Ein „Extra“ gratis dazu
Und eine Besonderheit sie an dieser Stelle noch erwähnt: ein Break-Down nach verschiedenen Dimensionen (z.B. Break-Down der Orders nach dem Produktnamen) ist auch bei diesen Metriken möglich! Auch die Zahlen werden korrekt für alle Spalten berechnet, nur die bedingte Formatierung funktioniert (noch) nicht. Hier ein Beispiel für ein Break-Down der Mobile Visits nach Device Types:
Zu Risiken und Nebenwirkungen …
Bei aller Freude über diese Darstellung gibt es doch auch Einschränkungen:
- Die Summen pro Spalten machen keinen Sinn und lassen sich nicht ausblenden. Aber mit einer entsprechenden Erläuterung beim Empfänger des Berichts stellt dies kein grösseres Problem dar.
- Die Daten werden nur korrekt angezeigt, wenn für alle Prüfpunkte (1 bis 3) auch Daten vorhanden sind. Die hier vorgestellte Tabelle würde bei einer Webseite (oder Segment einer Webseite), welche erst seit letztem Monat Daten hat, in allen drei Feldern die gleiche Zahl anzeigen. Somit funktioniert die Tabelle erst, wenn Daten für mind. 3 Monate vorhanden sind.
- Pro Tabelle ist man auf die definierten Zeiträume fixiert. Es lassen sich in der gleichen Tabelle nicht Berechnungen über unterschiedliche Zeiträume machen, ausser man definiert die Zeiträume genug gross.
- Die Zeitraum eines Workspace (wie er oben rechts gewählt wird) hat keinen Einfluss auf die Metriken.

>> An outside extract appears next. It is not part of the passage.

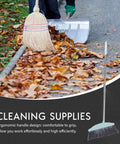 Grime Crushing Heavy Duty Broom With 34 Inch Long Handle For Sweeping Concrete Driveway Garage Patio And Indoor Floors No Sweat Household Cleaner With Convenient Storage Hook in use on leaves.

Es ist eine Besonderheit des Adobe Analytics Workspace, dass bei der Verwendung einer Date Range in einer Tabelle der effektive Berichtszeitraum verändert wird. Damit folgt aber auch, dass rückwirkende Berichte nicht erstellt werden können.
- Aus der Erfahrung empfiehlt sich eine klare Namensgebung, sauberes Tagging und Beschreibung aller Komponenten, um eine Verwirrung bei der Verwendung zu verhindern. Wer auf Nummer sicher gehen will verwendet ab besten einen separaten User ohne Sharing der Komponenten.
Ob ich mit diesen Ideen die Challenge gewinne weiss ich nicht – aber ich hoffe auf spannende Diskussionen und weitere Anregungen für spannende Visualisierungen!